Таким образом, идея «исконных» русских земель в этом официальном документе также присутствовала, но для новых подданных основной акцент делался на их защите и спасении, причем уже не в качестве единоверцев, но «единоплеменников», и не от угнетения их католиками-поляками, а от пагубного французского влияния. О
Еще раз подчеркнем, что и этот манифест был предназначен для распространения лишь на вновь присоединенных землях. 23 апреля, то есть почти через месяц после его обнародования и через три месяца после совершения раздела, его копия была отослана в Сенат с именным указом, в котором о причинах присоединения новых территорий сенаторам предлагалось узнать из текста манифеста. Также они извещались о создании новых Минской, Изяславской и Брацлавской губерний и о произведенных в них назначениях. Именно эта часть указа Сенату, но без текста манифеста и была затем распечатана и разослана по всей стране.[544]
Таким образом, члены Правительствующего Сената Российской империи узнали о причинах раздела из манифеста, адресованного жителям новых территорий, и, соответственно, должны были полагать, что Россия спасала своих единоверцев от тлетворного французского влияния. Остальные же подданные и вовсе пока оставались в неведении.Наконец, еще через несколько месяцев, 2 сентября того же года при праздновании при дворе мира с Османской империей идея о разделах Польши как части процесса собирания русских земель вышла в публичное пространство. Генерал-прокурор А. Н. Самойлов произнес на праздновании обращенную к императрице и предназначенную для широкой публики пространную речь, в которой перечислялись ее многочисленные достижения и среди прочего говорилось:
«От сих пространных завоеваний обрати душевныя очи на десную страны: се Двина и Днепр текут в наших об-он-пол пределах: от Самогиции на долготу Днестра простерта наша граница. Страны нам единоплеменныя, отторгнутая сарматами, обрели свое избавление в веке Екатерины Вторыя: рукою и разумом Ея присоединены яко оторванные члены к телу России и составляют ныне пять наших провинций многолюдных и преизобильных».[545]

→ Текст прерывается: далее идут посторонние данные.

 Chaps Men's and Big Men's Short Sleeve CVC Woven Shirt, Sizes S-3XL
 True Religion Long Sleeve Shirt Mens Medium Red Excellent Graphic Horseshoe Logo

В этом отрывке обращают на себя внимание несколько моментов. Во-первых, происходит очевидная смена дискурса и об угрозе гибельного влияния французской революции не упоминается вовсе. Таким образом, старым и новым подданным предлагались две разные объяснительные схемы. Во-вторых, само присоединение польских земель в речи Самойлова трактуется не как завоевание, не как победа русского оружия, но тем не менее оно помещается среди достижений Екатерины в одном ряду с военными победами над турками. В этом также проявился принципиально новый подход к идеологическому обоснованию этого события. Собственно, и первый, и два последующих раздела Польши были неразрывно связаны сперва с одной, а затем другой русско-турецкими войнами, были частью одной истории. Однако во время пышных торжеств 1775 г. по случаю заключения Кучук-Кайнарджийского мира польская тема, по-видимому, была сочтена неуместной, хотя «обращение к собственной российской истории в праздничной символике начинает соперничать с классицистическими аллегориями Древнего Рима».[546]
В-третьих, молчанием в речи Самойлова обойден конфессиональный аспект: вновь говорится исключительно о единоплеменниках, но не о единоверцах. В-четвертых, примечательно, что историческая вина за отторжение земель возлагается на «сарматов», то есть на польскую шляхту, причем конечно же не случайно используется слово «сарматы», а не «поляки».[547] Наконец, в-пятых, именно здесь появляется выражение «отторгнутыя», воспроизведенное и на медали.